Il est également possible de résoudre les externalités en fusionnant celui qui subit et celui qui cause l'externalité. Supposons que la fabrique de bière était prospère avant l'arrivée de la tannerie, petite entreprise familiale. Dans ce cas les possesseurs de la fabrique de bière peuvent acheter la tannerie afin de ne plus subir cette pollution et optimiser de façon interne à l'organisation cette externalité.

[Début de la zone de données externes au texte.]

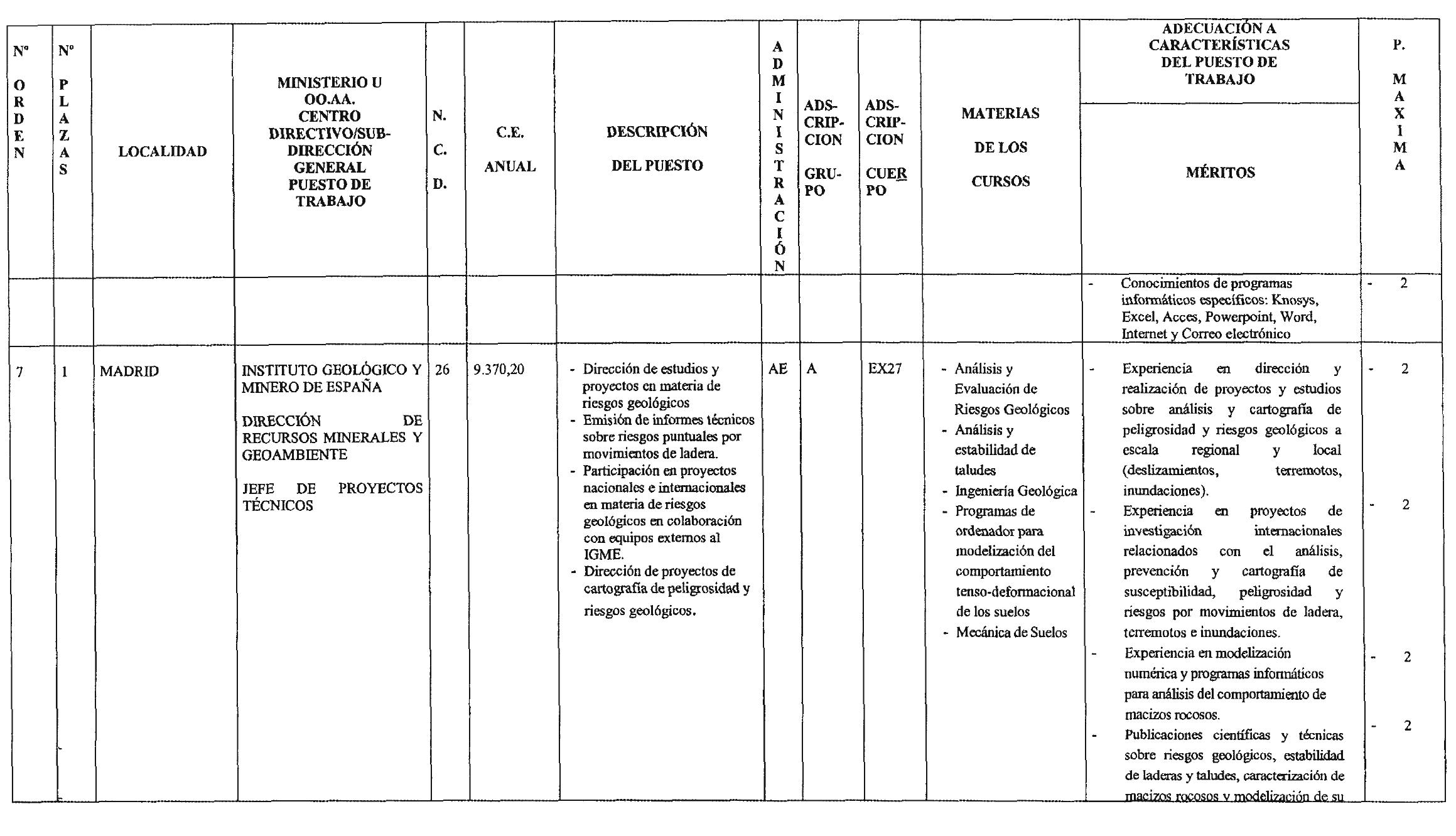 Imagen: /datos/imagenes/disp/2004/161/12558_16994795_image4.png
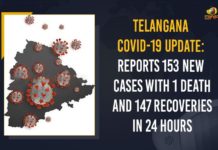 Telangana COVID-19 Update: Reports 153 New Cases With 1 Death And 147 Recoveries In 24 Hours Coronavirus, COVID-19, Covid-19 Updates in Telangana, telangana corona district wise cases, telangana coronavirus cases district wise, telangana coronavirus cases today, telangana coronavirus cases today district wise, telangana coronavirus district wise, telangana coronavirus district wise List, Telangana Coronavirus News, telangana covid cases today bulletin, telangana covid cases today list,mango news
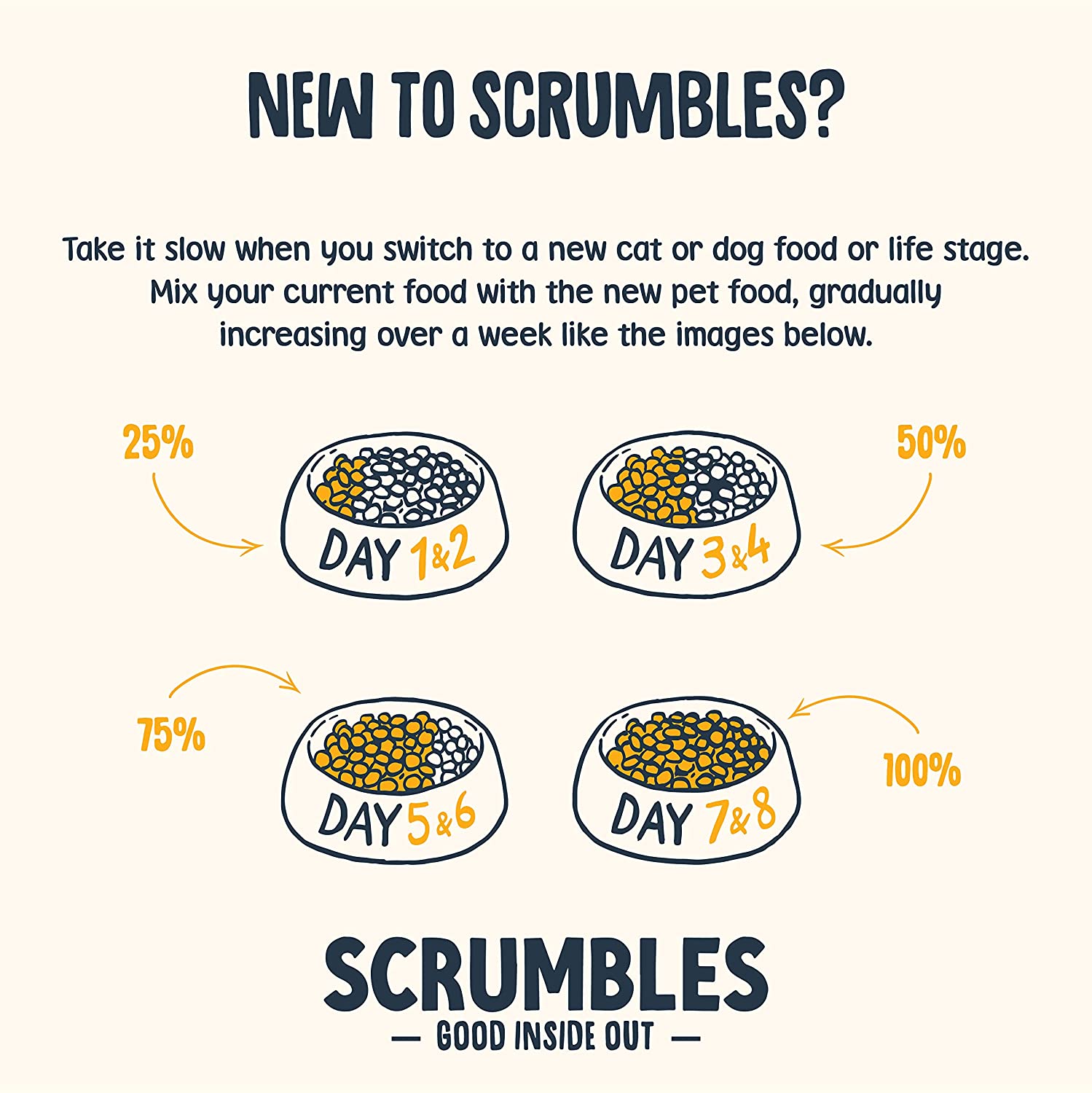 Scrumbles All Natural Dry Cat Food with 75% Chicken, High Protein Food for Adults And Seniors 2.5Kg,package may vary - Image 4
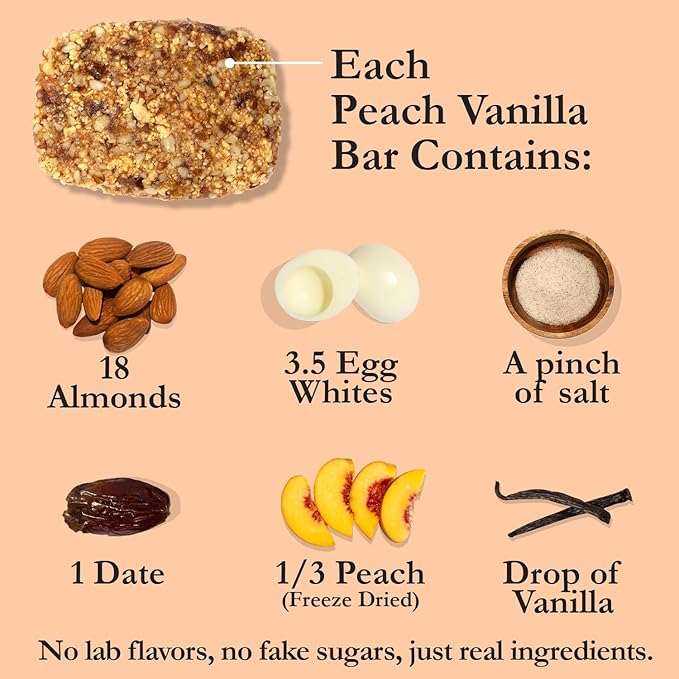CuraBar Protein Bars – Variety Pack (4 Flavors), 17g Protein, Low Carb, Gluten Free, Dairy Free, Healthy Snack, Seed Oil Free, No Artificial Ingredients, 12 Count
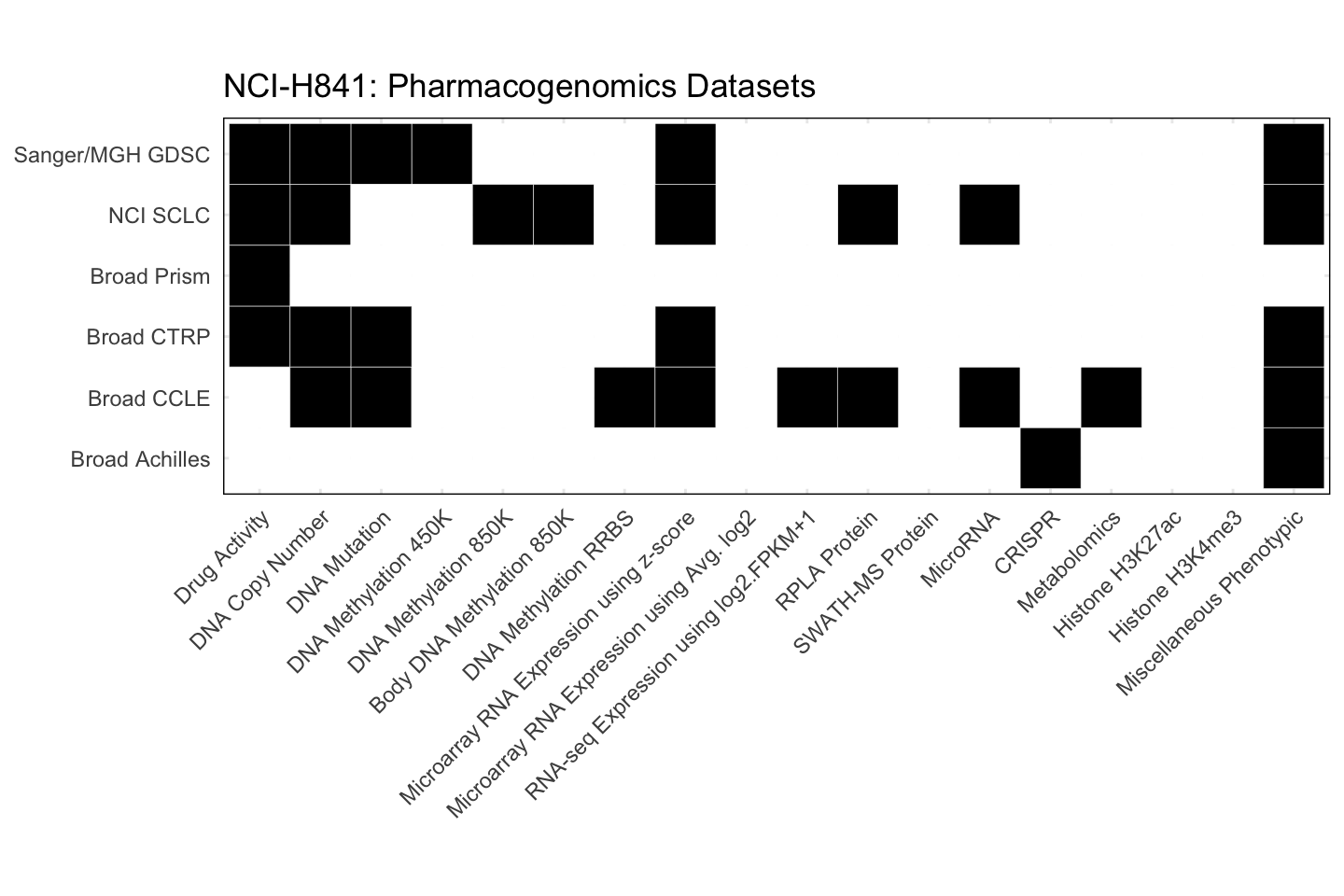 Cell Line NCI-H841 Available Pharmacogenomics Datasets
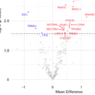 Multi-omics Approaches Identify Uremic Toxins and Immune Regulators as Circulating Biomarkers of Metastatic RCC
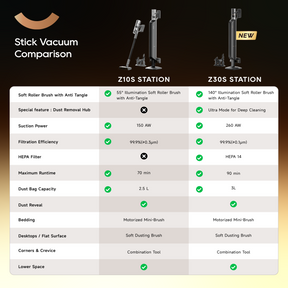 【GRAND LAUNCH】Dreame Z30s Station Stick Vacuum | Auto-Empty Base Station | 99.99%* Filtration Locks in Dust and Virus with  HEPA H14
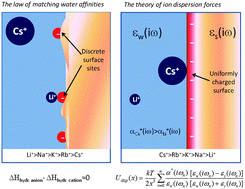 Graphical abstract: Models and mechanisms of Hofmeister effects in electrolyte solutions, and colloid and protein systems revisited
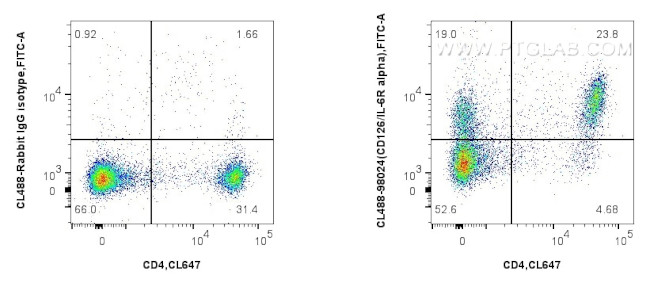 CD126/IL-6R alpha Antibody in Flow Cytometry (Flow)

Dans le cas des biens publics, des modes de gestions existent qui permettent d'éviter les passagers clandestins. Par exemple le fait d'avoir une relation entre individus basés sur la réputation, ou sur une tradition de partage, des valeurs d'altruisme, des obligations religieuses ou institutionelles peut permettre une gestion efficace des ressources naturelles. Les exemples de gestion communautaire de ressources naturelles de ce type sont assez nombreux, par exemple au niveau de la gestion de l'eau en Camargue, réglée par le traité des marais depuis le dix neuvième sciècle jusque dans les années 60, ou encore dans certaines tribus un système de dons et contre-dons permet d'éviter les passagers clandestins. Lorsque les agents ont des relations répétées les passagers clandestins sont beaucoup plus facilement sanctionnés.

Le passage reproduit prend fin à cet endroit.